■ The problem ■
Would you print the lines below exactly, beginning at the line that has "Qual a principal" and stopping after the line that has "Tod's Brown Leather Top Handle Bag - Brown"? Only those lines, and no pictures.

■ Data extracts ■

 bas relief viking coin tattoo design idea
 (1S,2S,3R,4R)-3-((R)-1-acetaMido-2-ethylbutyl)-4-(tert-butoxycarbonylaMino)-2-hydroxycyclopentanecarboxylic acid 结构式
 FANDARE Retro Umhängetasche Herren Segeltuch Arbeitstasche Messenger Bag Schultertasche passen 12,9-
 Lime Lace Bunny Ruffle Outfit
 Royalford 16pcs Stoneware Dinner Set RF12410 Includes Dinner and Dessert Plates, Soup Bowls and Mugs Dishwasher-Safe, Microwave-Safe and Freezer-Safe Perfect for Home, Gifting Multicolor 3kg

==

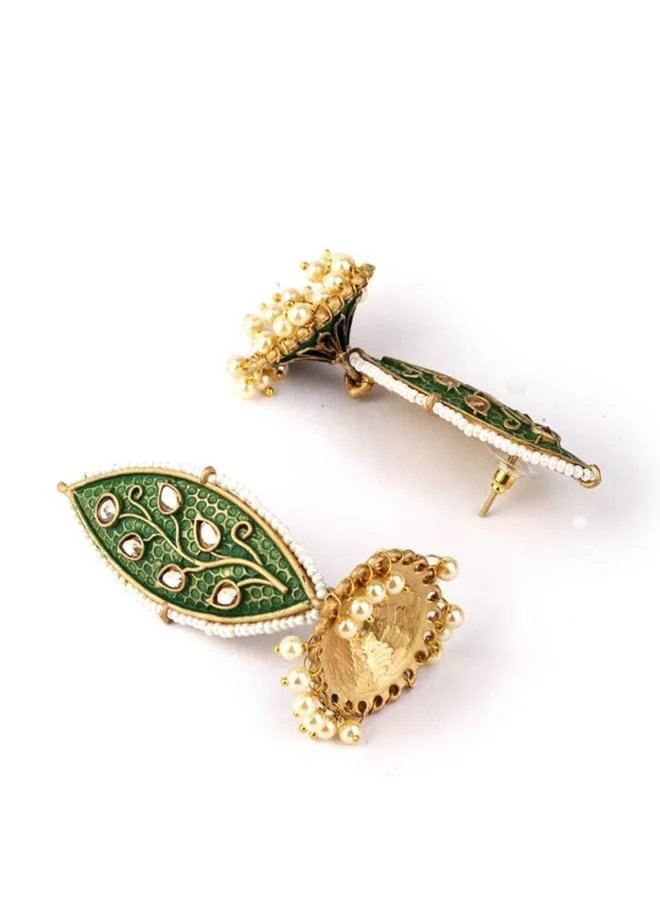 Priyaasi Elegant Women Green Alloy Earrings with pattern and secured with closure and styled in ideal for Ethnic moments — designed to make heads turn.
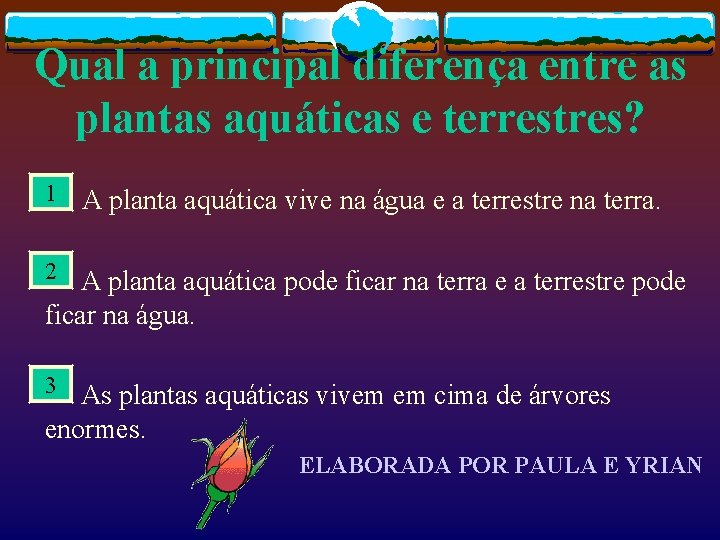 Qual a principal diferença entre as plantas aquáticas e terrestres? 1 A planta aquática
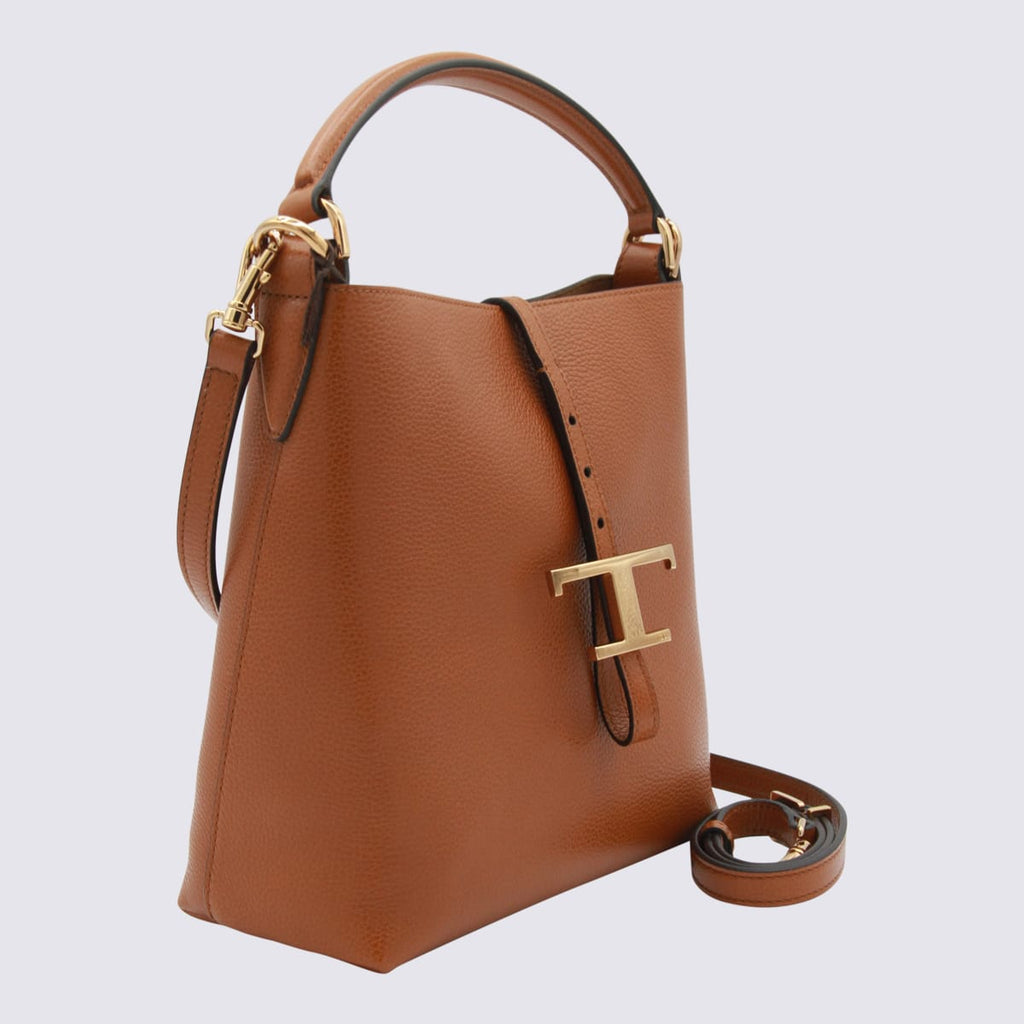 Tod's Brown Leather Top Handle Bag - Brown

■ Solution for this problem ■
 Qual a principal diferença entre as plantas aquáticas e terrestres? 1 A planta aquática
 Tod's Brown Leather Top Handle Bag - Brown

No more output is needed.